Other languages and regular expression libraries also use Perl terms. When using regular expression classes in the. Net framework, you can activate a single line pattern with statements like regex. Match (“string”, “regex”, regexoptions. Singleline)

Conservative use of dot “.”

The point sign is the most powerful metacharacter. It allows you to be lazy: with a dot, you can match almost all the characters. But the problem is that it also often matches characters that shouldn’t be matched.

I’ll give you a simple example. Let’s see how to match a date with the format mm / DD / YY, but we want to allow the user to choose the separator. One solution that will come to mind soon is < < D \ D. \ D \ D. \ D \ d > >. It looks like it matches the date “02 / 12 / 03”. The problem is that 02512703 will also be considered a valid date.

It looks like a better solution. Remember that point numbers are not metacharacters in a character set. This scheme is far from perfect. It will match “99 / 99 / 99”. And < [0-1] \ d [- /. [0-3] \ d [- /.] \ D \ d > > goes further. Although he will match “19 / 39 / 99”. How perfect you want your regular expressions to be depends on what you want to achieve. If you want to verify user input, you need to be as perfect as possible. If you just want to analyze a known source, and we know that there is no wrong data, it is enough to use a better regular expression to match the characters you want to search.

8. Anchoring of string start and end

Unlike regular expression symbols, anchors don’t match any characters. Instead, they match the position before or after the character. “^” matches the position before the first character of a line string. < ^ a > > will match a in the string “ABC”. < ^ b > > will not match any characters in “ABC”.

Similarly, $matches the position after the last character in the string. So < < C $> > matches C in “ABC”.

(1) Application of anchoring

It is very important to use anchors when verifying user input in programming languages. If you want to verify that the user’s input is an integer, use < ^ \ D + $> >.

In user input, there are often redundant leading or ending spaces. You can use < ^ \ s * > > and < < s * $> > to match leading or ending spaces.
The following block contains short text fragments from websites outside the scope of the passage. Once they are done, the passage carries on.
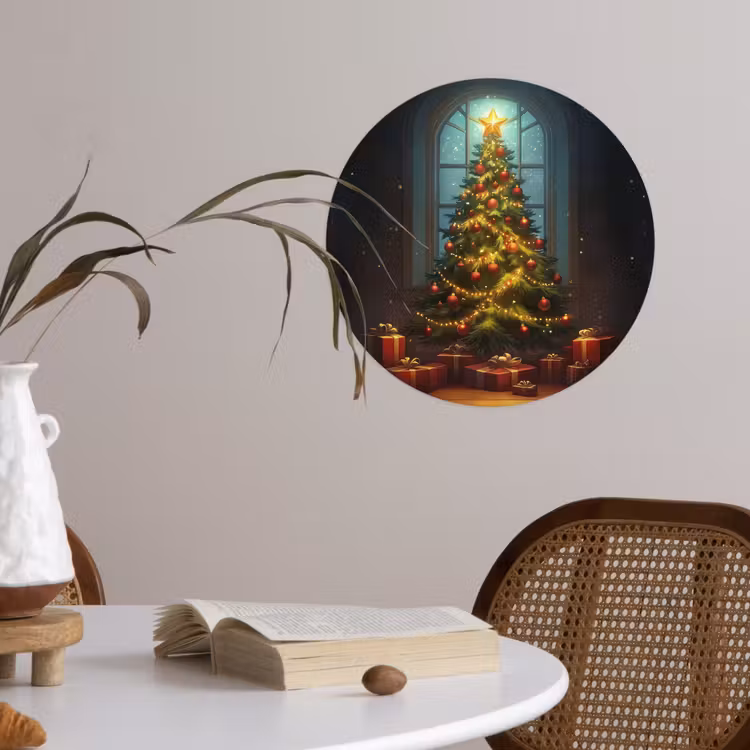 Kerstboom - Cadeau - Kerst - Winter Wandcirkel behangsticker klein -sfeer3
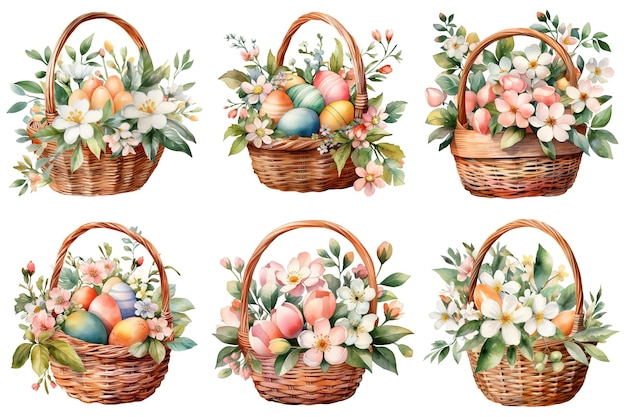 PSD las coloridas cestas de pascua están llenas de huevos vibrantes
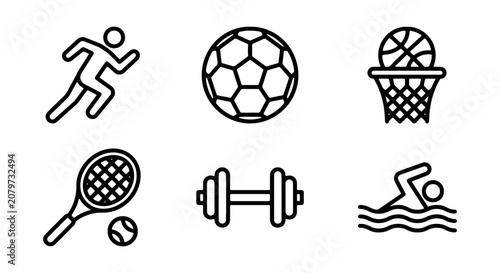 Sports Icons Set: Running, Soccer, Basketball, Tennis, Weights, Swimming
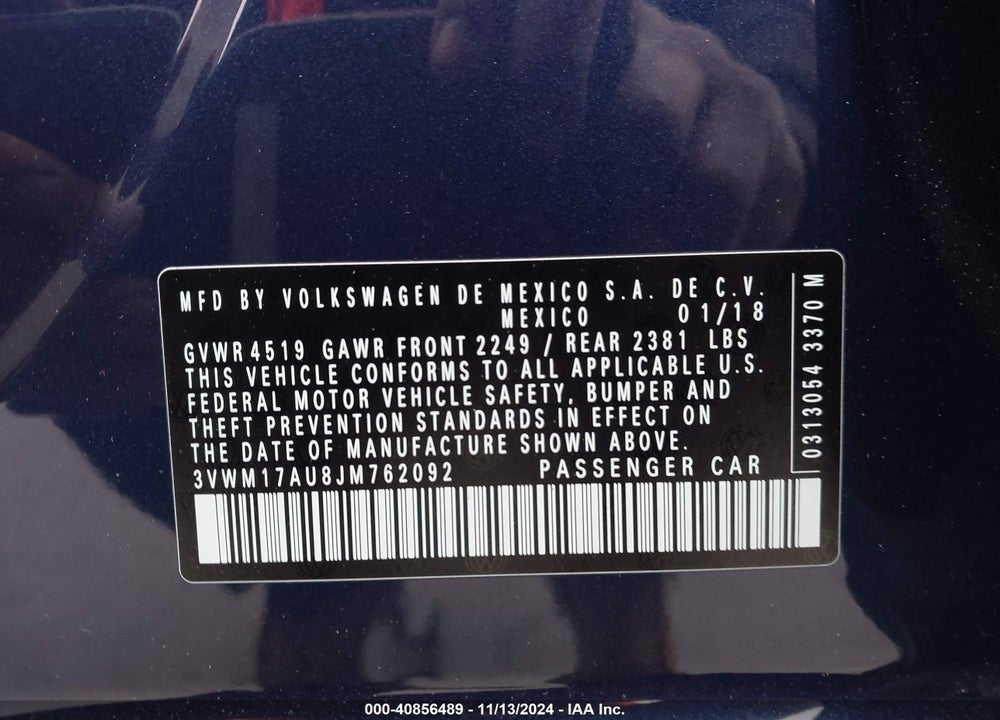 2018 VOLKSWAGEN GOLF ALLTRACK TSI S/TSI SE VIN: 3VWM17AU8JM762092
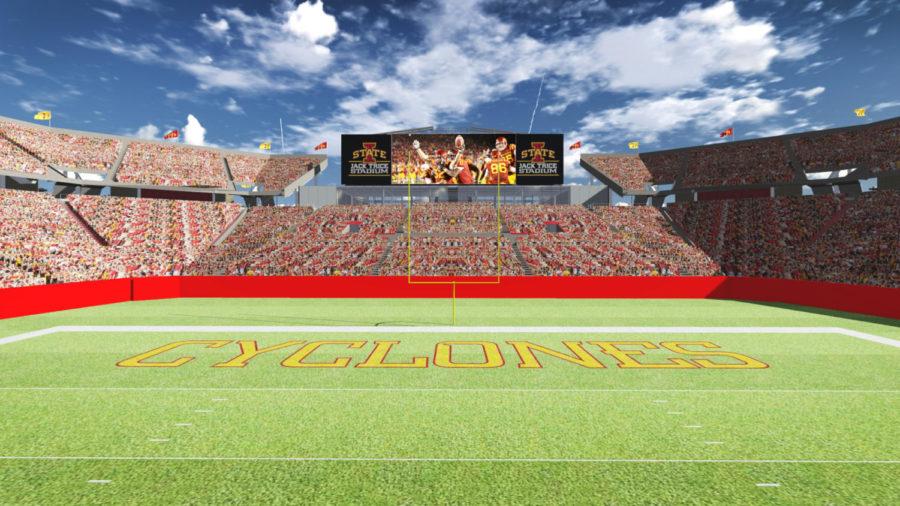 This is a digitally generated image of Jack Trice Stadium after completing the approved renovations.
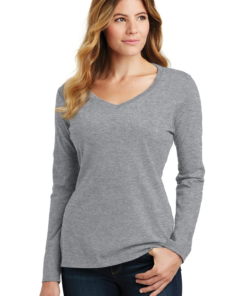 Port & Company Ladies Long Sleeve Fan Favorite V-Neck Tee - Image 9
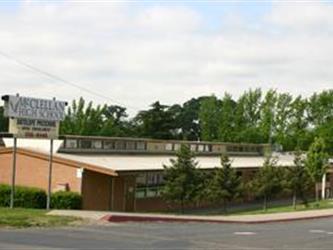 Picture of McClellan High School as seen from Watt Avenue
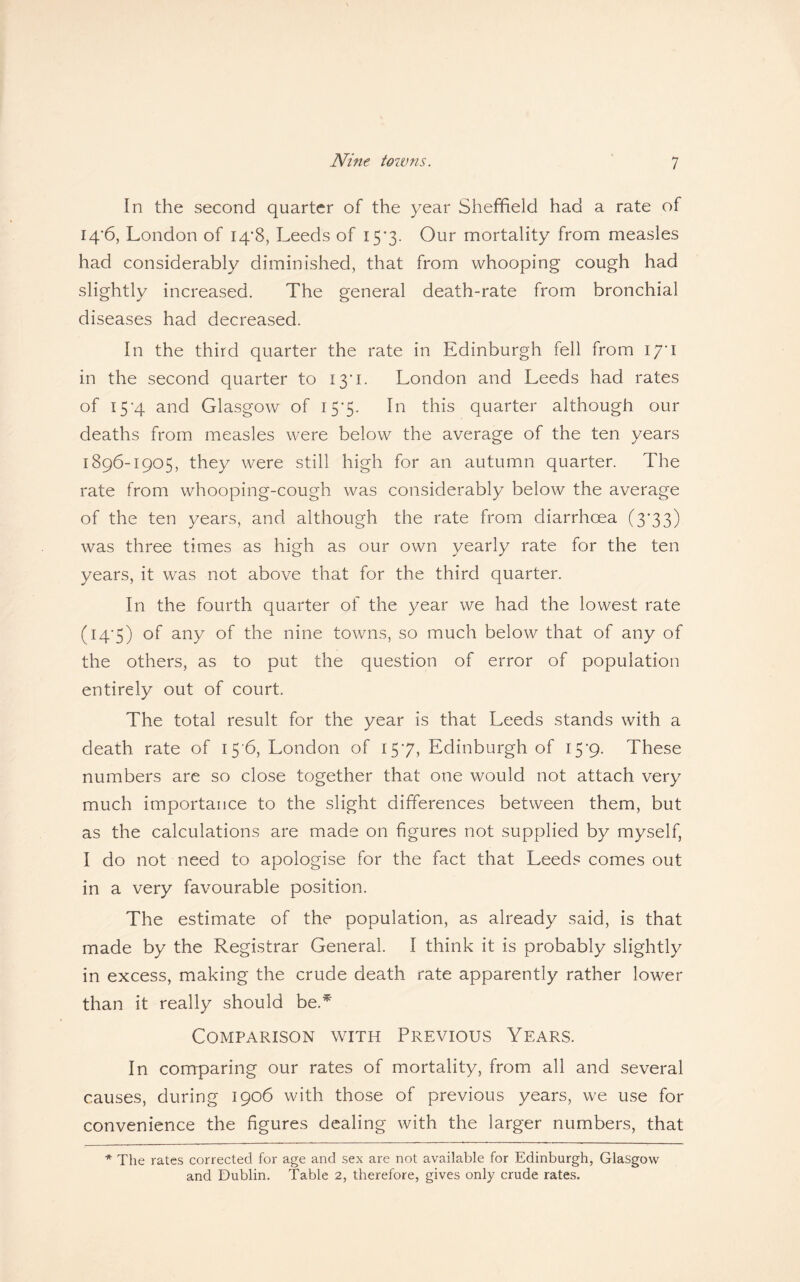 In the second quarter of the year Sheffield had a rate of I4'6, London of 14*8, Leeds of 15*3. Our mortality from measles had considerably diminished, that from whooping cough had slightly increased. The general death-rate from bronchial diseases had decreased. In the third quarter the rate in Edinburgh fell from 171 in the second quarter to 13*1. London and Leeds had rates of 15-4 and Glasgow of 15*5. In this quarter although our deaths from measles were below the average of the ten years 1896-1905, they were still high for an autumn quarter. The rate from whooping-cough was considerably below the average of the ten years, and although the rate from diarrhoea C3*33) was three times as high as our own yearly rate for the ten years, it was not above that for the third quarter. In the fourth quarter of the year we had the lowest rate (14-5) of any of the nine towns, so much below that of any of the others, as to put the question of error of population entirely out of court. The total result for the year is that Leeds stands with a death rate of 15 6, London of 157, Edinburgh of 15*9. These numbers are so close together that one would not attach very much importance to the slight differences between them, but as the calculations are made on figures not supplied by myself, I do not need to apologise for the fact that Leeds comes out in a very favourable position. The estimate of the population, as already said, is that made by the Registrar General. I think it is probably slightly in excess, making the crude death rate apparently rather lower than it really should be.* Comparison with Previous Years. In comparing our rates of mortality, from all and several causes, during 1906 with those of previous years, we use for convenience the figures dealing with the larger numbers, that * The rates corrected for age and sex are not available for Edinburgh, Glasgow and Dublin. Table 2, therefore, gives only crude rates.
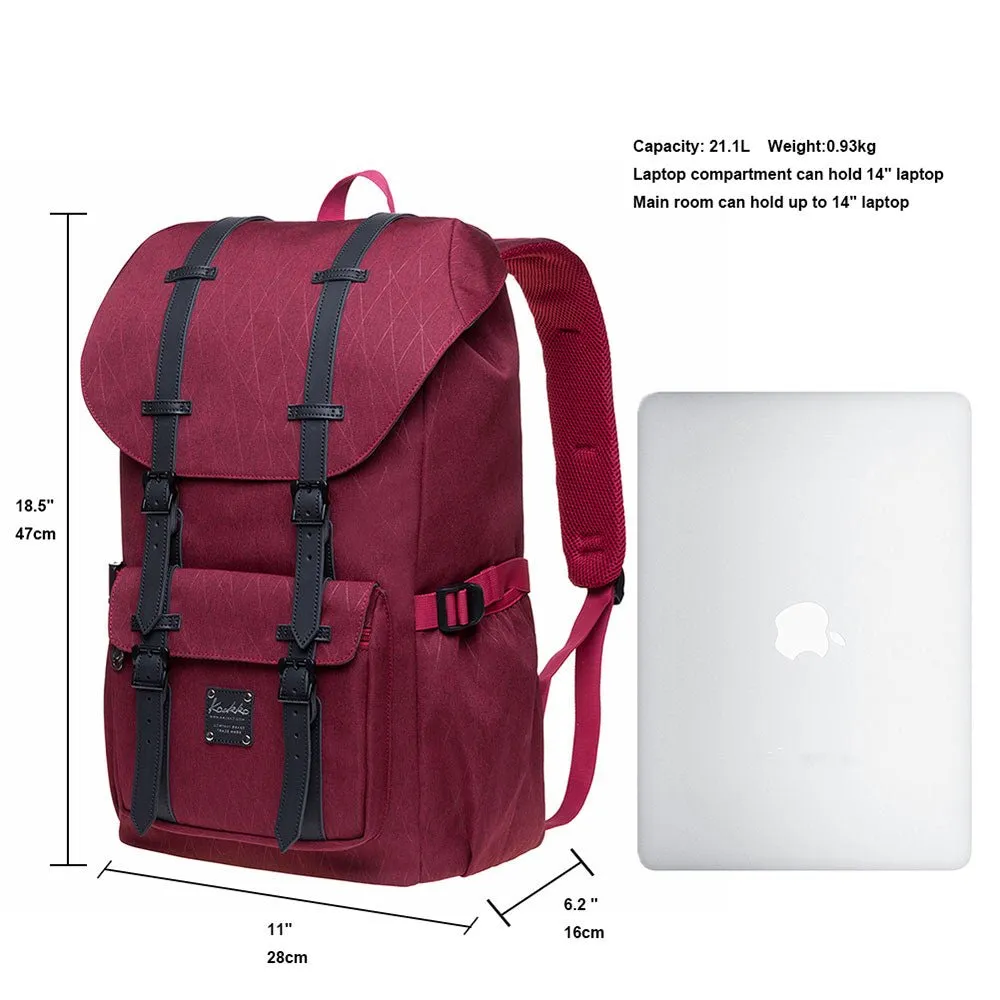 KAUKKO backpack women daypack with laptop compartment for 14 inch notebook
(2) Use “^” and “$” as line start and end anchors

If you have a string that contains more than one line. For example: “first line \ n \ rsecond line” (where \ n \ R represents a new line character). It is often necessary to treat each line separately rather than the entire string. Therefore, almost all regular expression engines provide an option to extend the meaning of both anchors. “^” can match the starting position of the string (before f) and the following position of each new line character (between \ n \ R and s). Similarly, $matches the end of the string (after the last E) and the front of each new line character (between E and \ n \ R).

In. Net, when you use the following code, you will define the position before and after each new line character: regex. Match (“string”, “regex”, regexoptions. Multiline)

Application: String STR = regex.replace (original, “^”, “>”, regexoptions. Multiline) — will insert “>” at the beginning of each line.

(3) Absolute anchoring

Only the start position of the whole string is matched, and only the end position of the whole string is matched. Even if you use the multiline mode, < a > > and < < z > > never match the new line character.

Even if \ Z and $only match the end of the string, there is an exception. If the string ends with a new line character, then \ Z and $will match the position before the new line character, not the end of the entire string. This “improvement” was introduced by Perl and followed by many regular expression implementations, including Java,. Net, etc. If you apply < ^ [A-Z] + $> > to “Joe \ n”, the match result is “Joe” instead of “Joe \ n”.

The above is a detailed introduction to regular expression, hoping to help you better understand regular expression.